Records from a data collection
☆ ☆ ☆ ☆
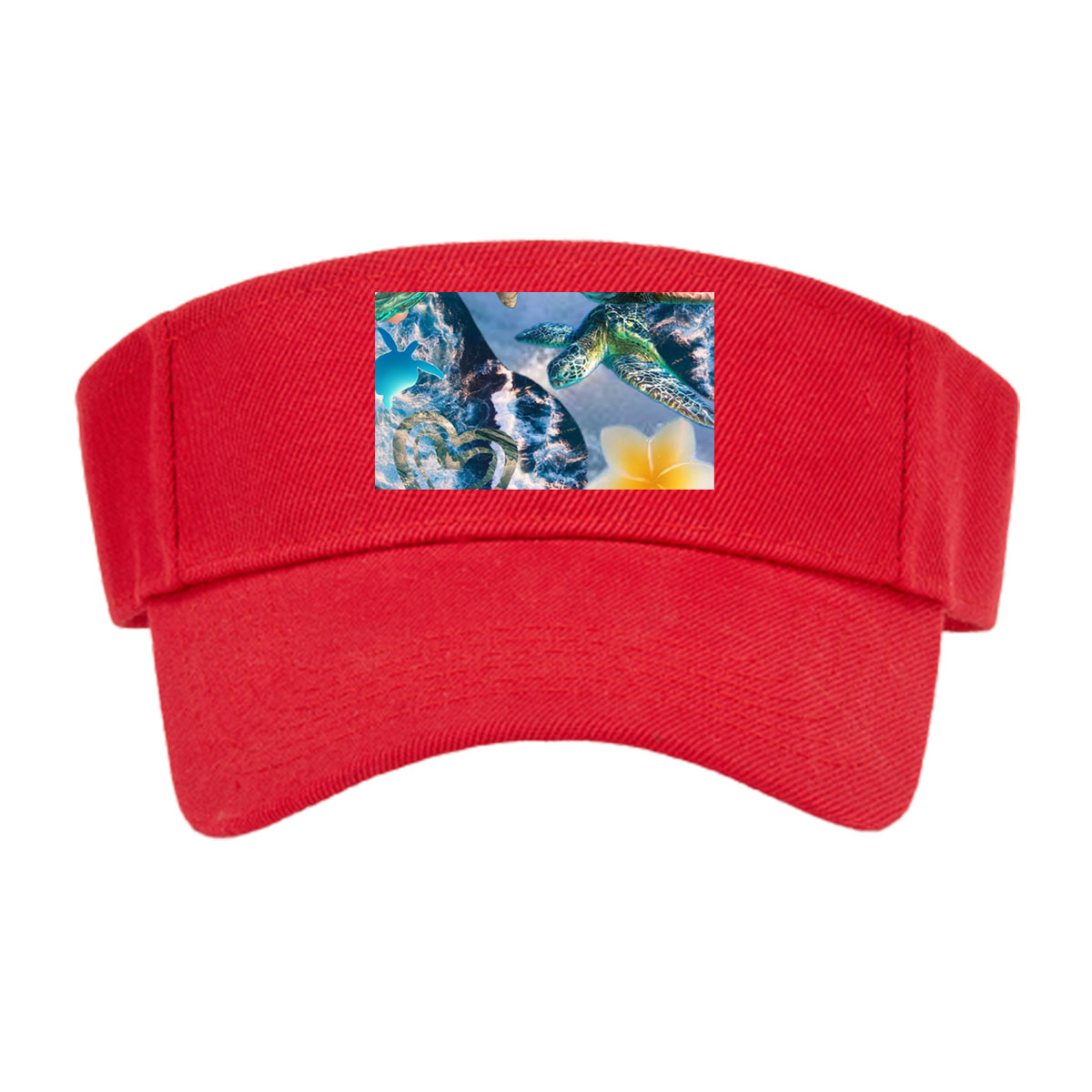 Turtles, stars, and flowers in a heart-filled ocean scene -  Visor cap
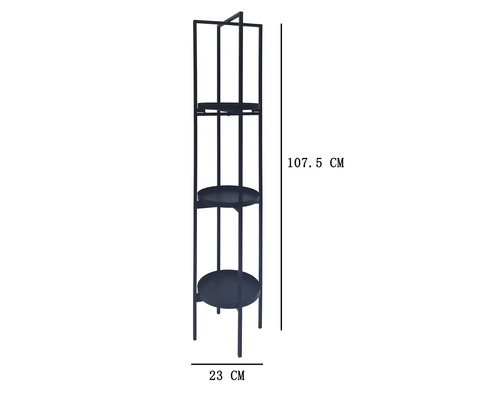 Etagere a plantes en metal avec trois tablettes rondes, hauteur 107,5 centimetres et largeur 23 centimetres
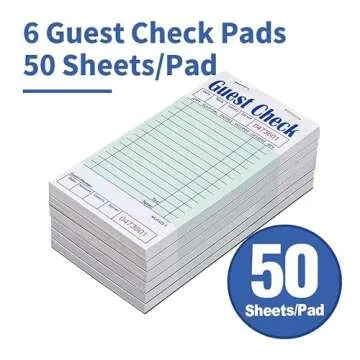 Batrical Guest Checks Server Note Pads 300 Sheets Waitress Notepad for Restaurants (6 Books) 3.5" x 6.75" Per Ticket Book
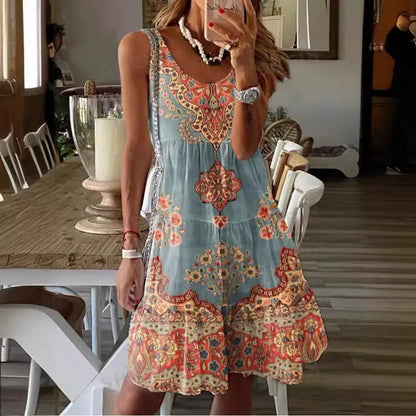Robe mini femme – Coupe fluide – Sans manches – Col en V – Imprimé bohème à volants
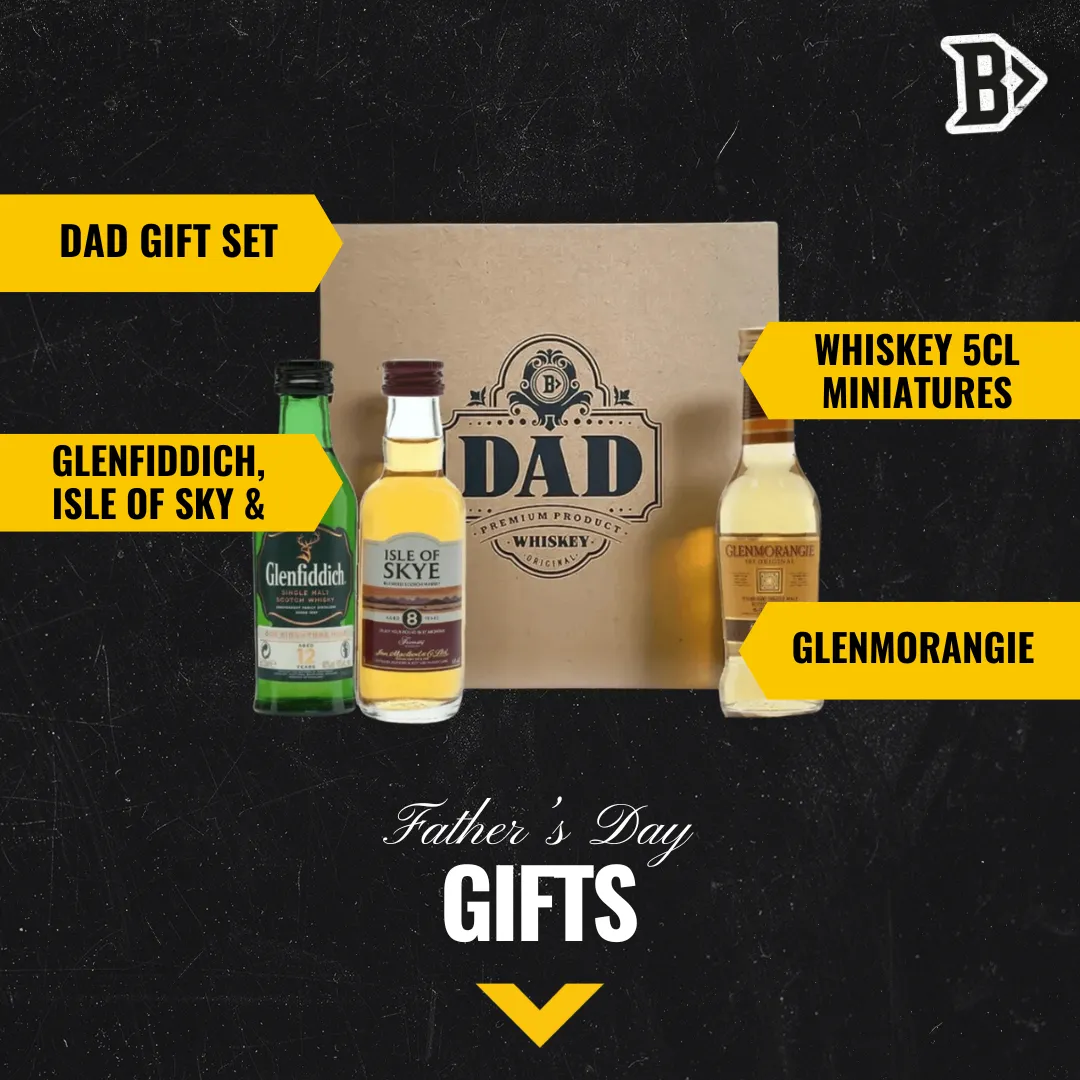 Premium Scotch Malt Whisky Miniatures Gift Box Set for Dads (3 x 5cl)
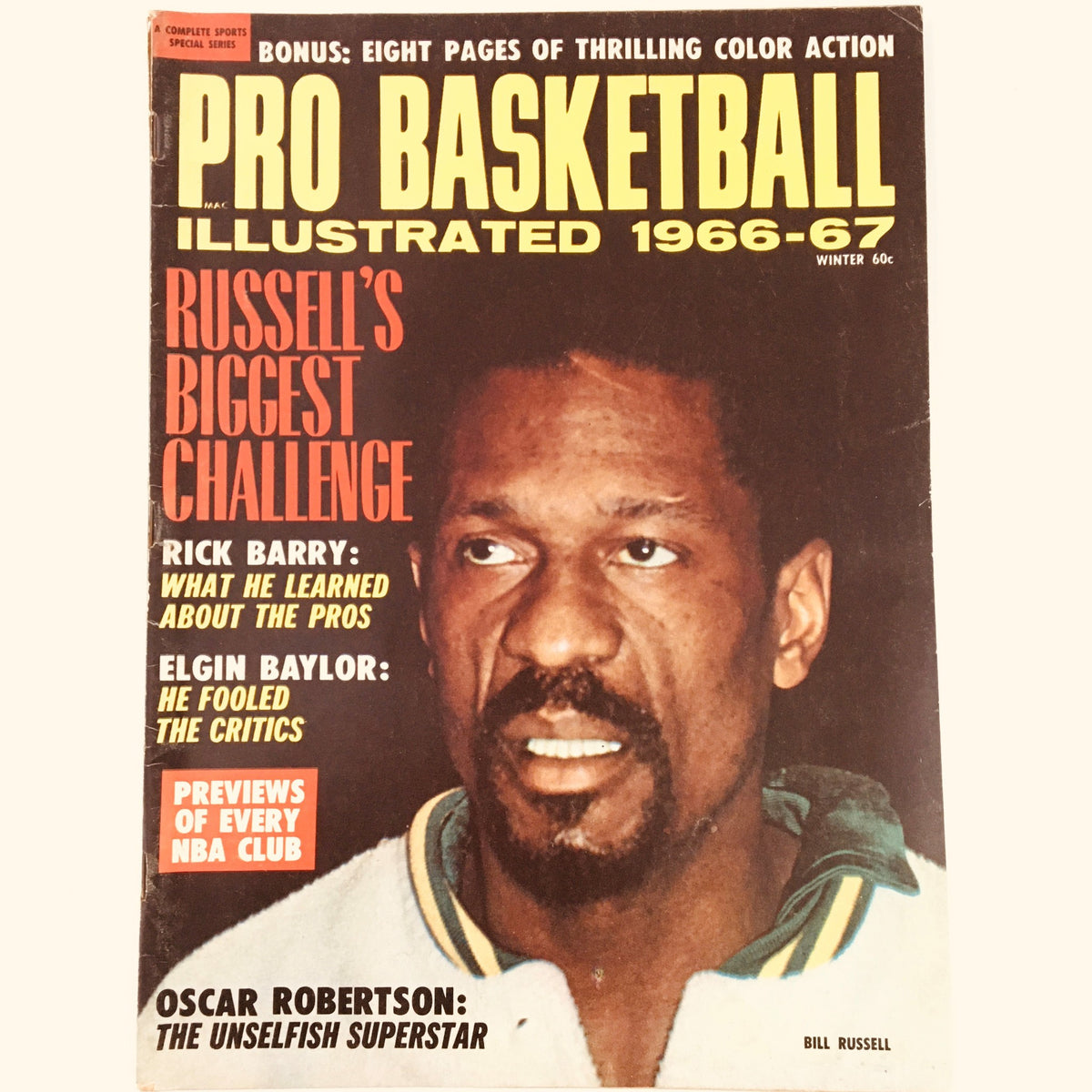 Cover image of Pro Basketball Illustrated Magazine Winter 1966-1967 featuring Bill Russell, showcasing the title and highlights of key articles.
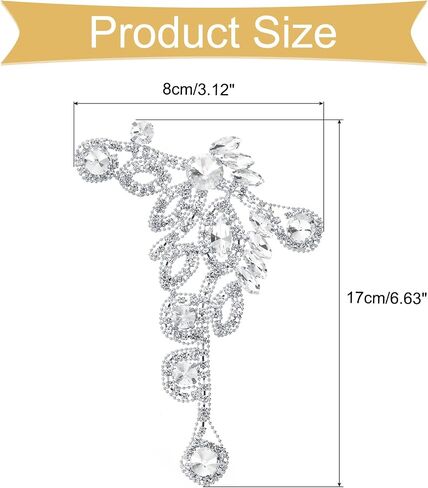 uxcell Crystal Rhinestone Hionsique ، Sew on Thebique Wedding Dress Decoration for Women DIY Assories حفل حفل زفاف AB ، Silver ، مجموعة واحدة in Saudi Arabia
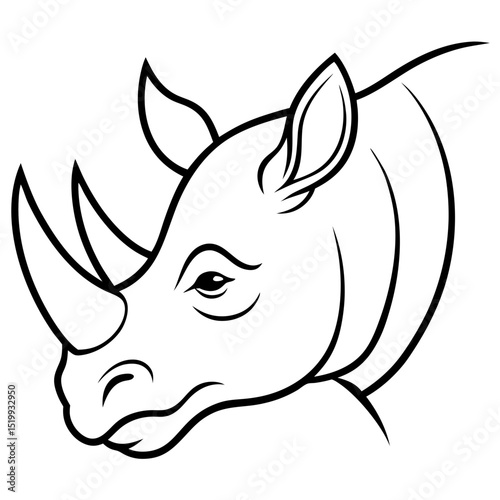 Side Profile of a Rhinoceros with Prominent Horn in Line Art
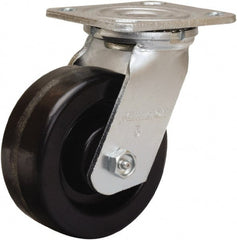 Hamilton - 5" Diam x 2" Wide x 6-1/2" OAH Top Plate Mount Swivel Caster - Phenolic, 900 Lb Capacity, Straight Roller Bearing, 4 x 4-1/2" Plate - Exact Tooling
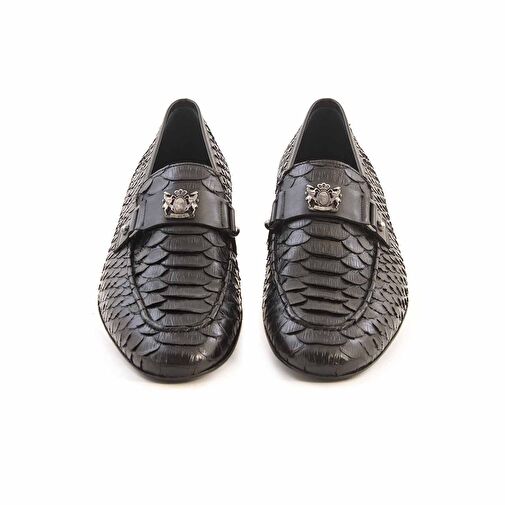 Mocassini Siyah Erkek Deri Klasik Ayakkabı 222MCE002 9023X - Görsel 4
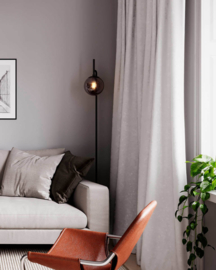 By Rydéns vloerlamp Boyle, zwart met rookglas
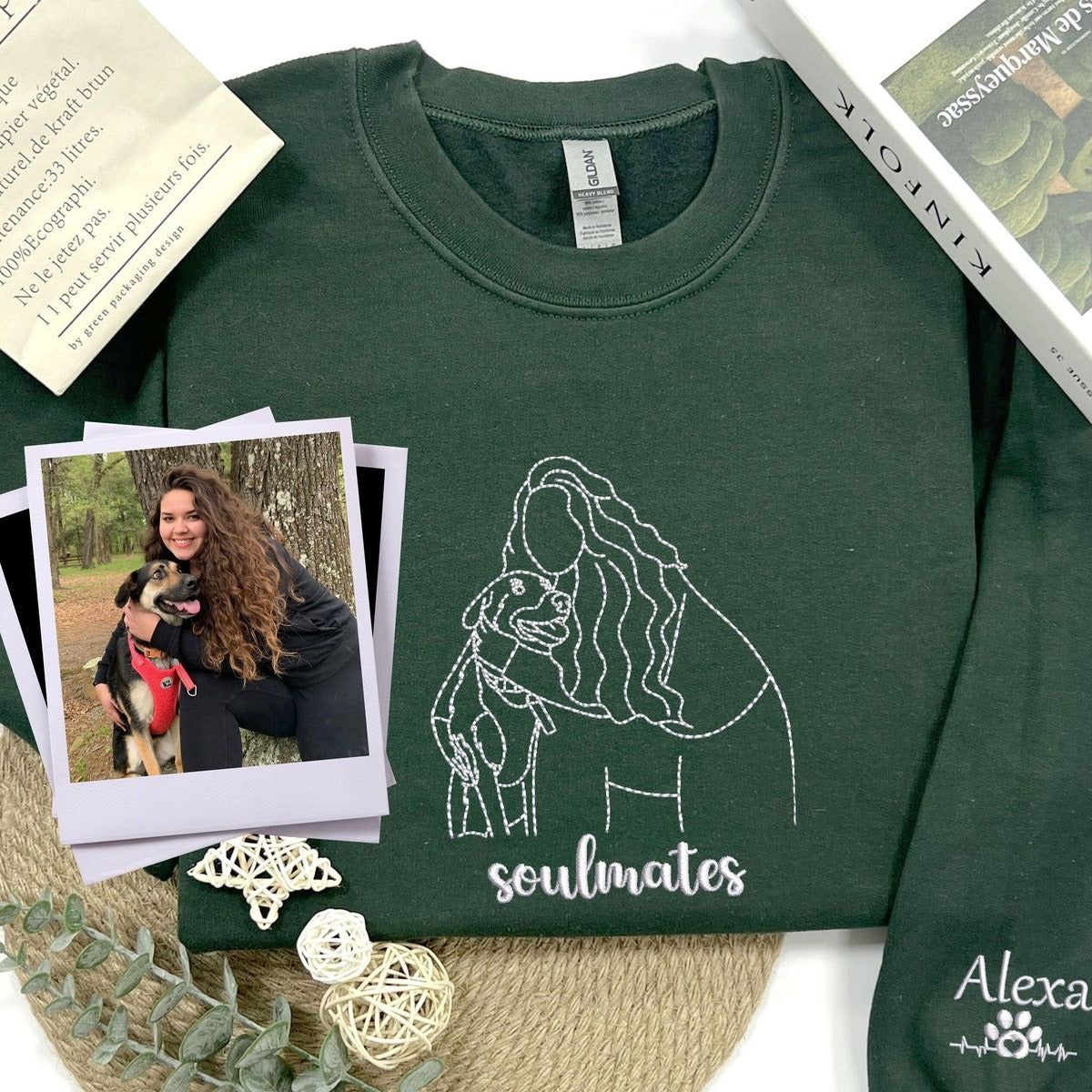 Custom Embroidered Dog Dad Sweatshirt, Dog Mom Crewneck, Pet and Owner Portrait Embroidery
☆ ☆ ☆ ☆
Your objective:
Write out the data precisely as given, excluding the pictures.

Your response:
 Turtles, stars, and flowers in a heart-filled ocean scene -  Visor cap
 Etagere a plantes en metal avec trois tablettes rondes, hauteur 107,5 centimetres et largeur 23 centimetres
 Batrical Guest Checks Server Note Pads 300 Sheets Waitress Notepad for Restaurants (6 Books) 3.5" x 6.75" Per Ticket Book
Robe mini femme – Coupe fluide – Sans manches – Col en V – Imprimé bohème à volants
 Premium Scotch Malt Whisky Miniatures Gift Box Set for Dads (3 x 5cl)
 Cover image of Pro Basketball Illustrated Magazine Winter 1966-1967 featuring Bill Russell, showcasing the title and highlights of key articles.
 uxcell Crystal Rhinestone Hionsique ، Sew on Thebique Wedding Dress Decoration for Women DIY Assories حفل حفل زفاف AB ، Silver ، مجموعة واحدة in Saudi Arabia
 Side Profile of a Rhinoceros with Prominent Horn in Line Art
 Hamilton - 5" Diam x 2" Wide x 6-1/2" OAH Top Plate Mount Swivel Caster - Phenolic, 900 Lb Capacity, Straight Roller Bearing, 4 x 4-1/2" Plate - Exact Tooling
 Mocassini Siyah Erkek Deri Klasik Ayakkabı 222MCE002 9023X - Görsel 4
 By Rydéns vloerlamp Boyle, zwart met rookglas
 Custom Embroidered Dog Dad Sweatshirt, Dog Mom Crewneck, Pet and Owner Portrait Embroidery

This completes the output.